[erlang-questions] Proposal to remove tuple dispatches from Erlang

Tony Rogvall tony@REDACTED
Fri Apr 14 14:33:31 CEST 2017


> On 14 apr 2017, at 14:12, José Valim <jose.valim@REDACTED> wrote:
> 
> Hi everyone,
> 
> I would like to propose to remove "tuple dispatches" from Erlang.
> 
> The tuple dispatch is the ability to invoke a function or call erlang:apply/3 on a tuple as first argument:
> 
> Eshell V9.0  (abort with ^G)
> 1> Var = dict:new().
> {dict,0,16,16,8,80,48,
>       {[],[],[],[],[],[],[],[],[],[],[],[],[],[],[],[]},
>       {{[],[],[],[],[],[],[],[],[],[],[],[],[],[],[],[]}}}
> 2> Var:size().
> 0
> 

I think it is calling erlang:apply/2, the above code is called like

> apply({Var,size}, []).
0

This is, interestingly enough, equivalent to

> erlang:apply(element(1,Var), size, [Var]).
0

But maybe that was what you meant?

I think this once was part of the parametrized module stuff, this is now gone.

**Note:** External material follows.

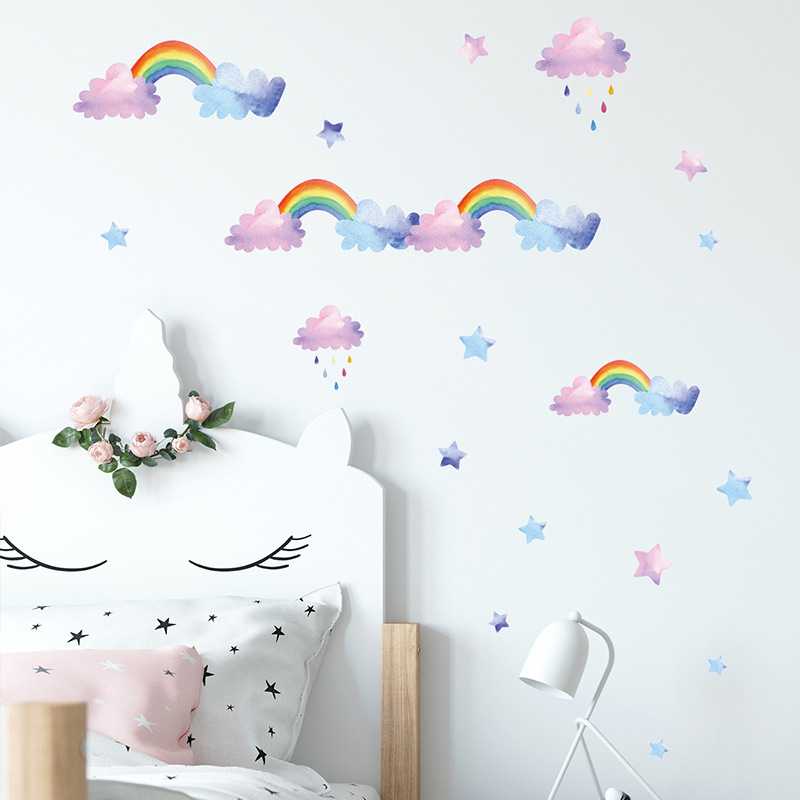 Baby Nursery Wardrobe - Наклейки на стену с мультяшными облаками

Utterly confusing an strange.

/Tony

> This behaviour is considered by most in the community to be undesired and confusing, as it obfuscates the meaning of the code and adds indirection.
> 
> I have also heard this behaviour made it harder to add some optimizations to the VM. I would love if someone more knowledgeable on the area could confirm or deny this. If true, it is also a strong argument to remove such behaviour.
> 
> Another reason for removing it is that the behaviour can be implemented as needed by adding is_tuple/1 checks to the code or more programmatically by using a parse transforms (see note 1 at the bottom for a limitation though). Therefore those who need the behaviour can include it only when necessary and we don't impose it as a semantics to the whole language (and ecosystem).
> 
> I can think of two strategies for removing the behaviour:
> 
> 1. Clean-cut: the code responsible for tuple dispatching will be completely removed from the VM and a parse transform will be made available. The parse transform could be part of Erlang/OTP or a separate repository. This change is backwards incompatible at the BEAM level. Code that relies on tuple dispatch without the parse transform on OTP 19 will not work on OTP 20. However, the parse transform should work with any OTP version, so if the parse transform is used during compilation, the code is guaranteed to work on OTP 19 and earlier as well as on OTP 20 onwards.
> 
> 2. New byte codes: if we don't want to break backwards compatibility at the BEAM level, I believe our only option is to introduce new bytecodes and a new apply BIF. Usage of the old BIFs and bytecode could emit warnings while we phase them out. A compiler option or parse transform should still be made available if a developer relying on those features wants their code to run without warnings.
> 
> Please let me know if there are other options available,
> 
> I will be glad to send patches and implement the required parse-transforms if this is accepted by the OTP team.
> 
> 
> José Valim
> www.plataformatec.com.br
> Skype: jv.ptec
> Founder and Director of R&D
> 
> 
> Note 1. A parse-transform would be unable to make the following code work in the same way as today:
> 
> erlang:apply(erlang, apply, [dict:new(), size, []])
> 
> Although I would consider it highly unlikely to exist so it should not be a point of contention.